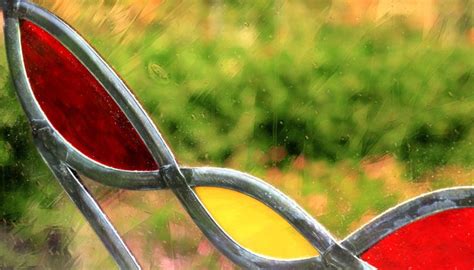 A Close Up View Of A Stained Glass Window With Green Grass In The Back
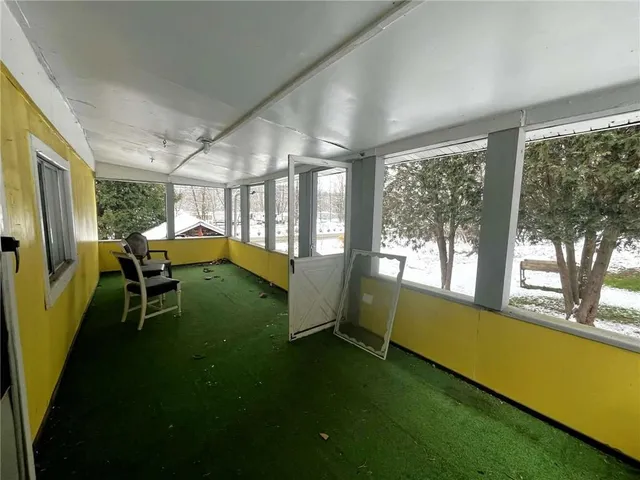 a view of an chairs and table in a balcony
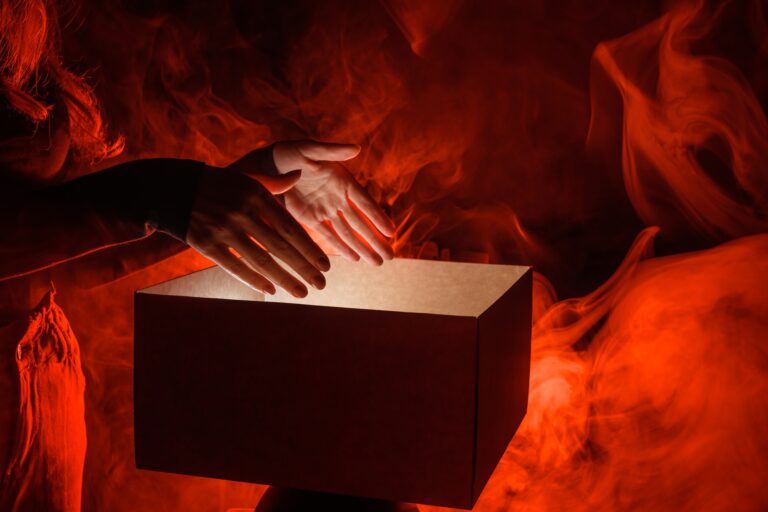 Man opens magic box with surprise on dark background, mystical box, surprise, halloween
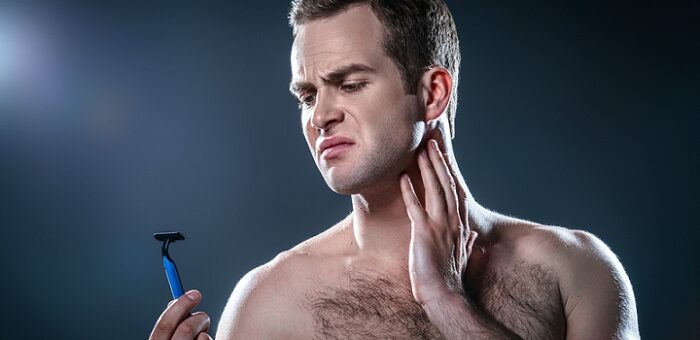 a young man with a shaving razor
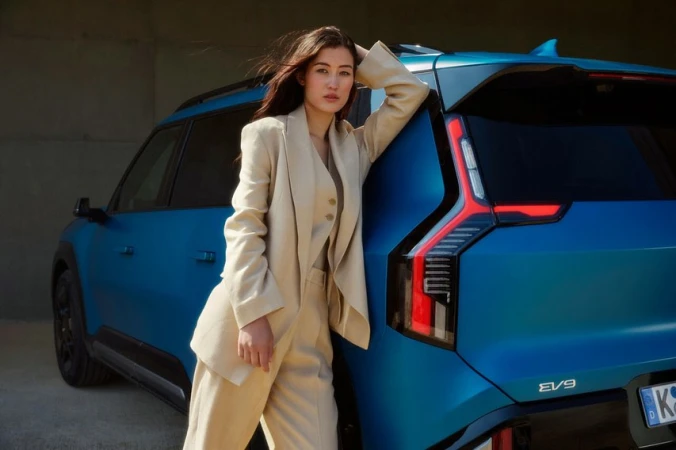 Woman in beige suit leaning against a blue electric SUV by photographer David Daub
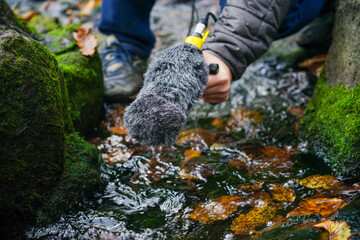 Hand holds a microphone gun to record sounds of nature. Sound technician records sounds of nature. Recording Ambient Sounds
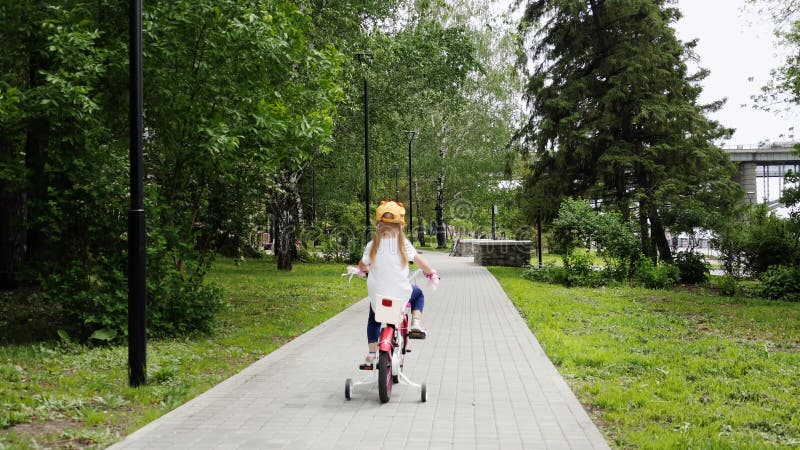 Pouco menina bonito que aprecia montando sua bicicleta fora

------------

Task: Could you set down, exactly as written, every line from the one with "a young man with a shaving razor" to the end of the data, both ends included? Leave out the pictures.

Task answer:
 a young man with a shaving razor
 Woman in beige suit leaning against a blue electric SUV by photographer David Daub
 Hand holds a microphone gun to record sounds of nature. Sound technician records sounds of nature. Recording Ambient Sounds
 Pouco menina bonito que aprecia montando sua bicicleta fora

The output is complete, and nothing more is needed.